Source: Ministry for Primary Industries
Media contact: MPI media team
The recent Myrtle Rust Science Symposium discussed solutions to battle the invasive rust disease which is attacking iconic species such as pōhutukawa and ramarama, and heard how myrtle rust has wiped out species from some areas across the Tasman.
Almost 100 delegates attended the 2-day symposium in Auckland, which was organised by Biosecurity New Zealand (part of the Ministry for Primary Industries – MPI), with support from the Department of Conservation (DOC) and the Myrtle Rust Strategic Science Advisory Group (SSAG).
The event brought together scientists, central government, and representatives from groups working to combat myrtle rust on the ground, including councils, iwi, and the plant and honey sectors.
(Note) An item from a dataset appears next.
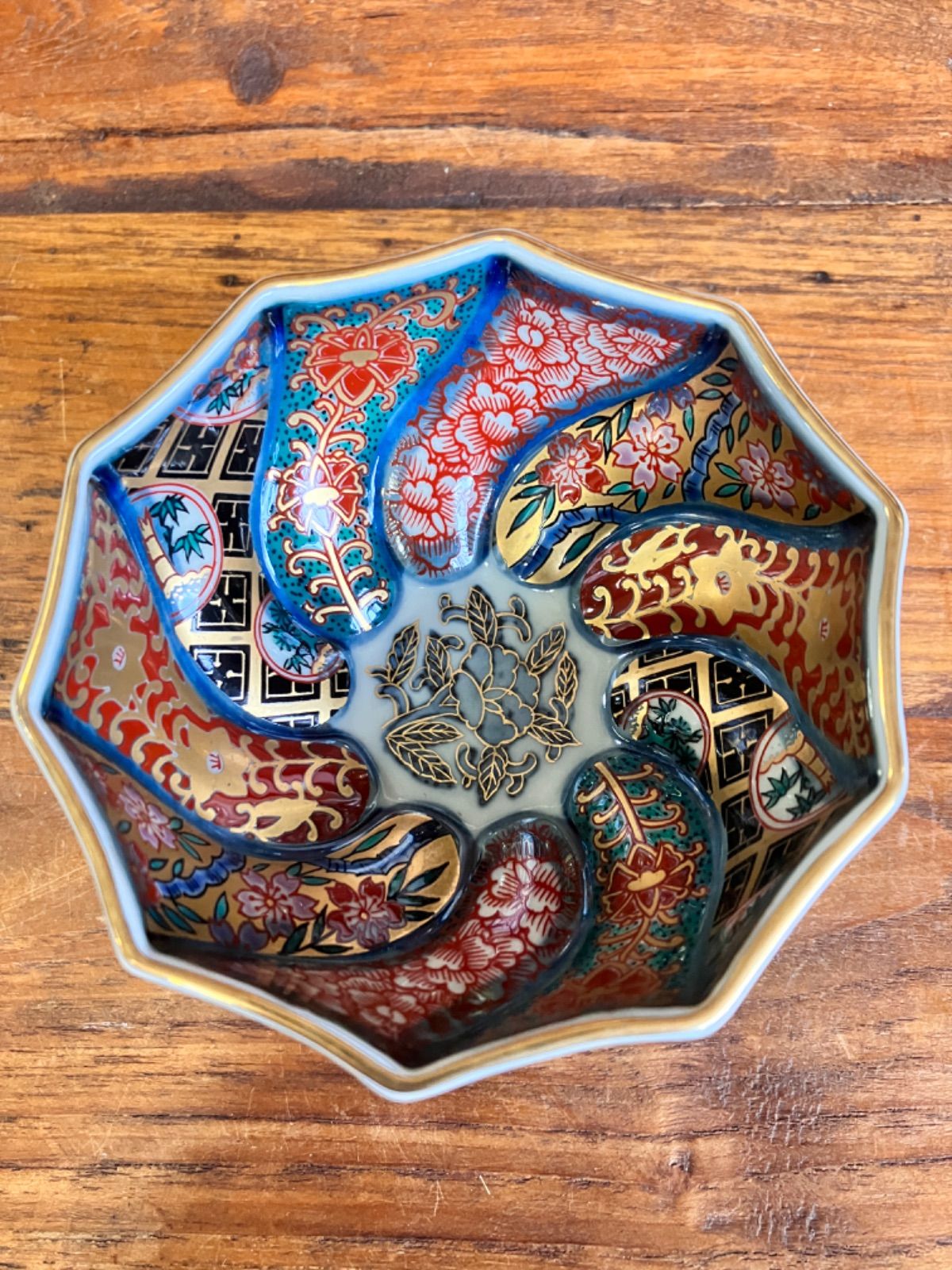 有田焼　林九郎窯　古伊万里　色絵　金彩　鉢　1枚 菊割鉢　祥瑞捻り　波佐見焼 盛り鉢】波佐見焼 林九郎窯 色絵祥瑞 小付 小鉢 古伊万里 有田焼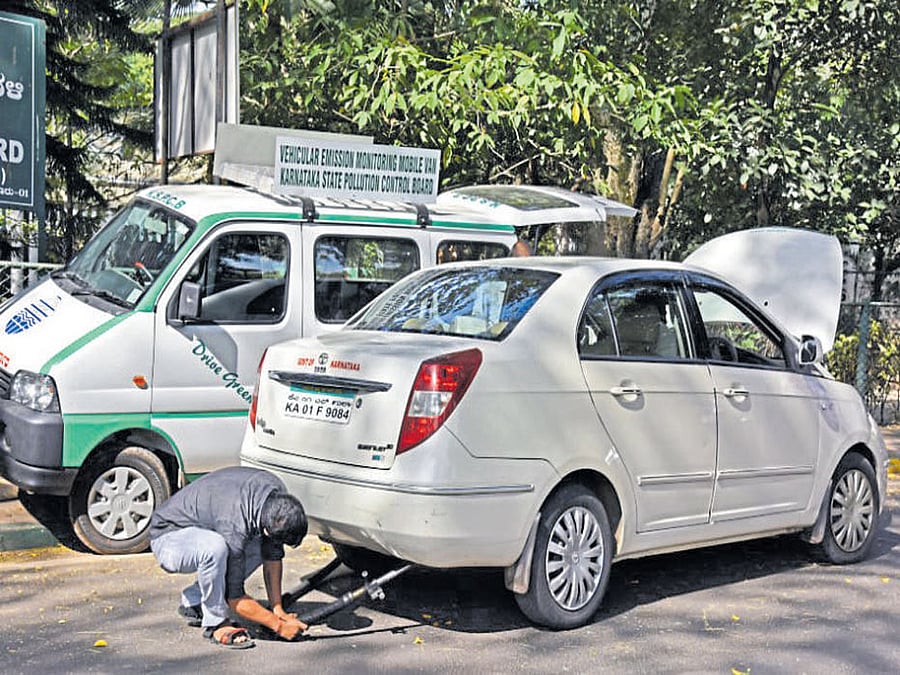 Officials check government vehicles in Cubbon Park on  Monday. DH Photo/S K Dinesh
MPI’s science policy manager Naomi Parker says science will be key to fighting myrtle rust, which is now widely distributed across key parts of the North Island and in the north and west of the South Island. The disease, which is carried on the wind, has the potential to damage many ecologically, economically, and culturally significant native tree, shrub, and vine species, including pōhutukawa, mānuka, and non-natives such as feijoa.
“Speakers presented the findings of more than 20 research projects funded by Biosecurity New Zealand to better understand myrtle rust and limit its impact. These ranged from novel surveillance techniques such as unmanned aerial vehicles to scan the forest canopies for evidence of the disease, to the potential for microbes living in myrtles to inhibit the rust, and the importance of partnering with Māori in both the research and management of myrtle rust.”
Dr Parker says the research reports, which will be published on the Myrtle Rust in New Zealand website over the coming weeks, were identified as priorities by the SSAG, which recently released a science plan to guide research that will be most valuable for managing myrtle rust.
Ken Hughey, the SSAG chair and the Department of Conservation chief science advisor, says an important focus of the symposium was how the science could be used by groups on the ground working to manage the disease, including DOC, botanical gardens, nurseries, and the honey businesses.
“There is no silver bullet when it comes to myrtle rust, but the symposium was a fantastic opportunity to discuss progress and future priorities, and to strengthen the community of stakeholders who are committed to combating this disease.”
Reports from the public are also helping scientists track the spread of myrtle rust and discover new host species.